Copy everything in the listing below word for word, apart from any images.

━━━━━━

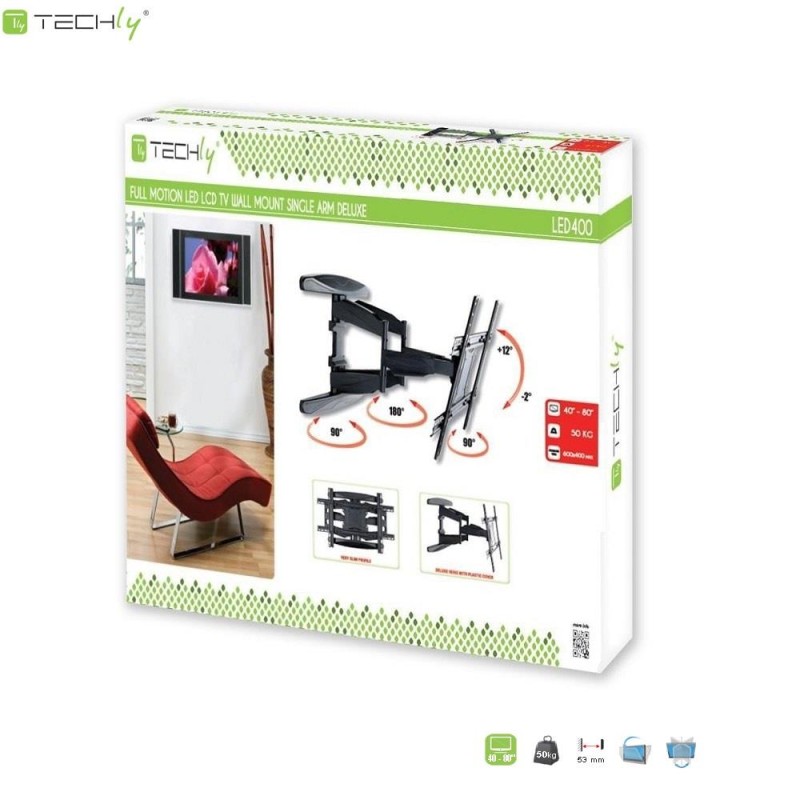 Uchwyt ścienny do TV LCD/LED 40-80cali 50kg VESA pełna regul… | PartsPC.pl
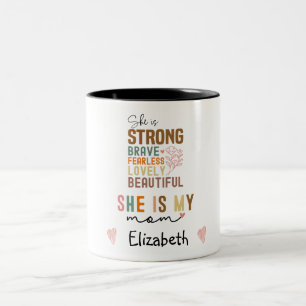 Caneca De Café Em Dois Tons Forte Mãe Roteiro Retro Groovy Dia das Mães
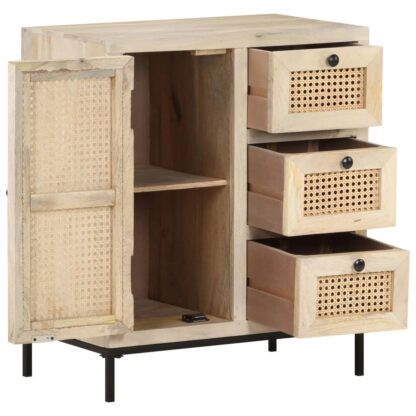 Sideboard 60x35x70 cm Mango Massivholz und Rohrgeflecht - Image 3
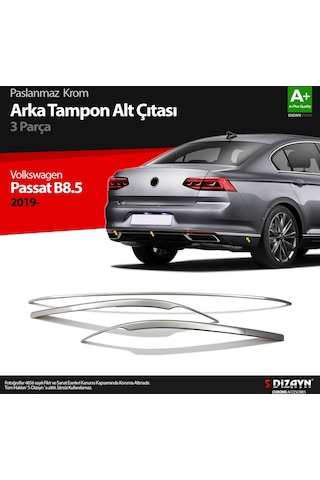 Volkswagen Passat B8.5 Krom Arka Tampon Alt Çıtası 3 Parça 2019 V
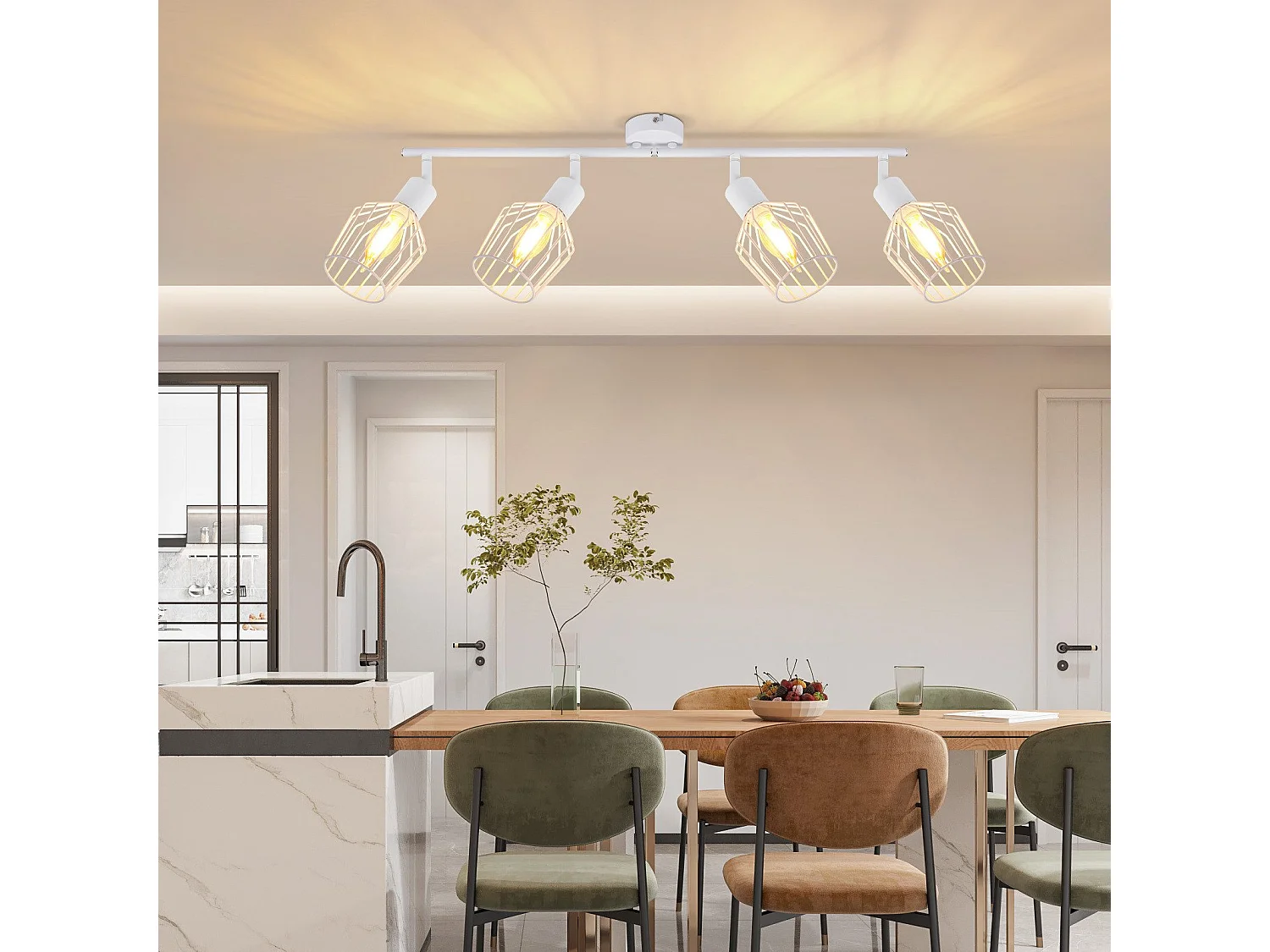 NETTLIFE Opbouwspot 4-lichts E14 Fitting wit kooiontwerp Lampkap  350° draaibar Plafondspot L 75cm Vintage Keukenlamp voor Slaapkamer Hal Woonkamer Zonder Lichtborn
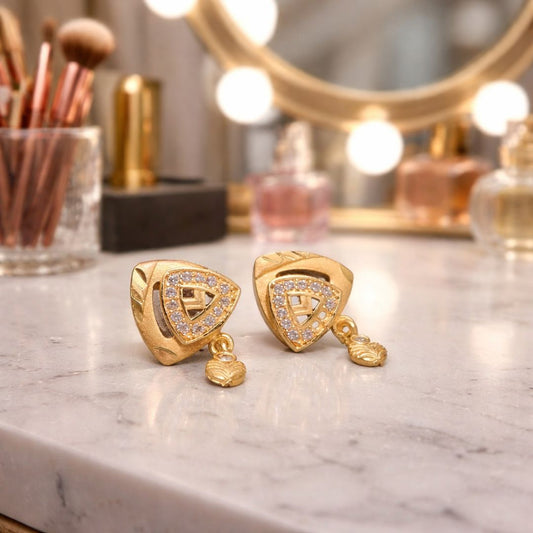 Traditional Gold-Tone Pendant Necklace Set with Earrings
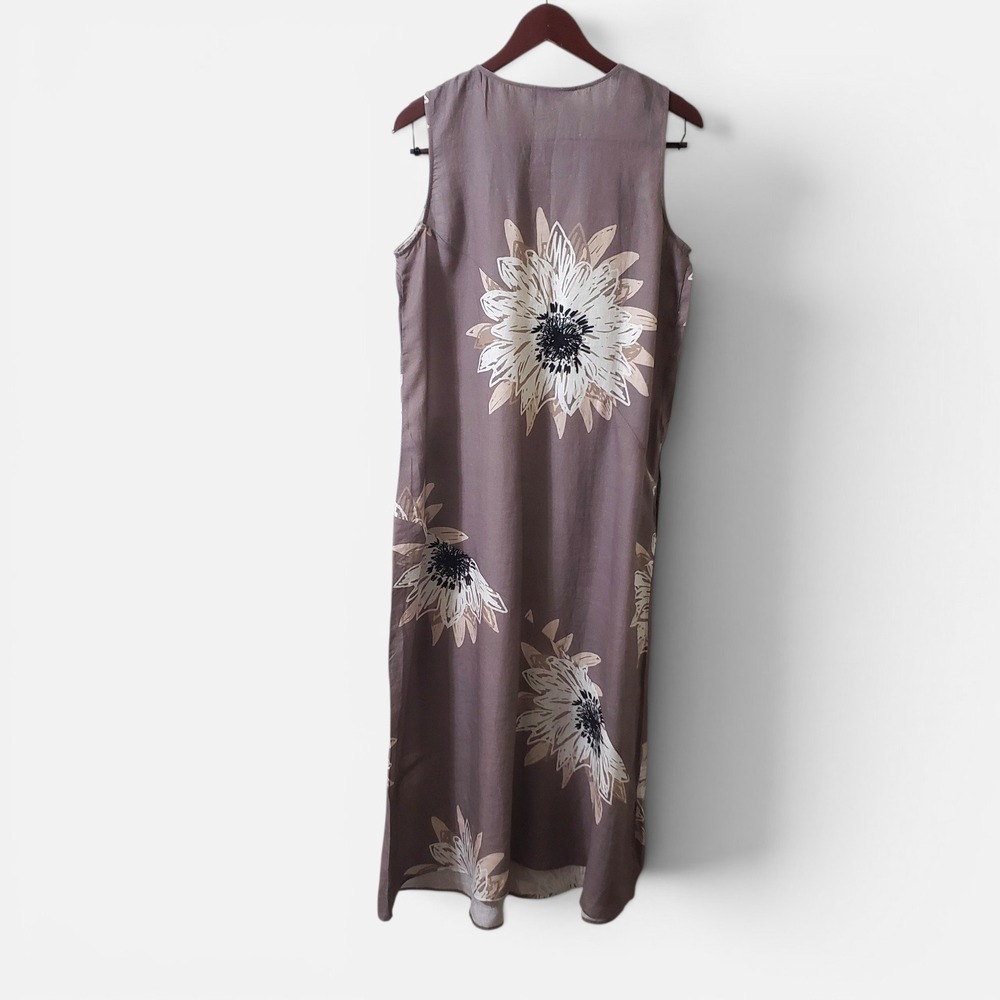 Coldwater Creek Linen Sleeveless Maxi Dress Sunflower Brown Womens Sz 12 - Picture 4 of 10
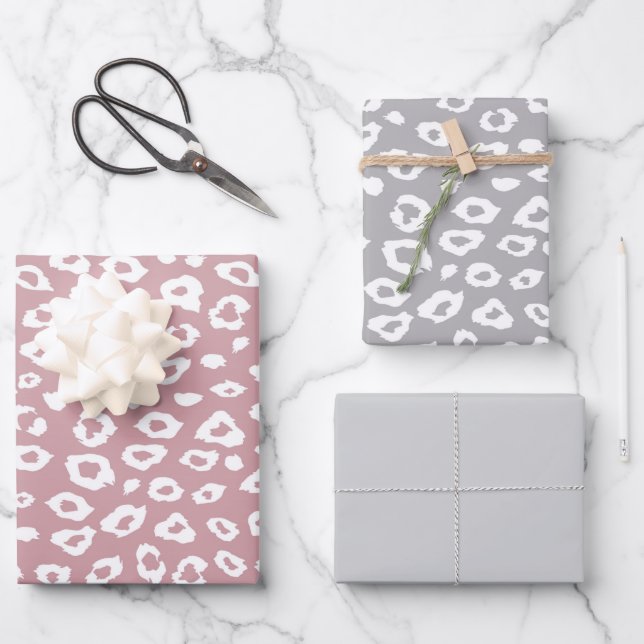 Pink White Grey Leopard Birthday Wrapping Paper Sheets (Front)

━━━━━━

[Answer area]:
 Uchwyt ścienny do TV LCD/LED 40-80cali 50kg VESA pełna regul… | PartsPC.pl
 Caneca De Café Em Dois Tons Forte Mãe Roteiro Retro Groovy Dia das Mães
 Sideboard 60x35x70 cm Mango Massivholz und Rohrgeflecht - Image 3
 Volkswagen Passat B8.5 Krom Arka Tampon Alt Çıtası 3 Parça 2019 V
 NETTLIFE Opbouwspot 4-lichts E14 Fitting wit kooiontwerp Lampkap  350° draaibar Plafondspot L 75cm Vintage Keukenlamp voor Slaapkamer Hal Woonkamer Zonder Lichtborn
 Traditional Gold-Tone Pendant Necklace Set with Earrings
 Coldwater Creek Linen Sleeveless Maxi Dress Sunflower Brown Womens Sz 12 - Picture 4 of 10
 Pink White Grey Leopard Birthday Wrapping Paper Sheets (Front)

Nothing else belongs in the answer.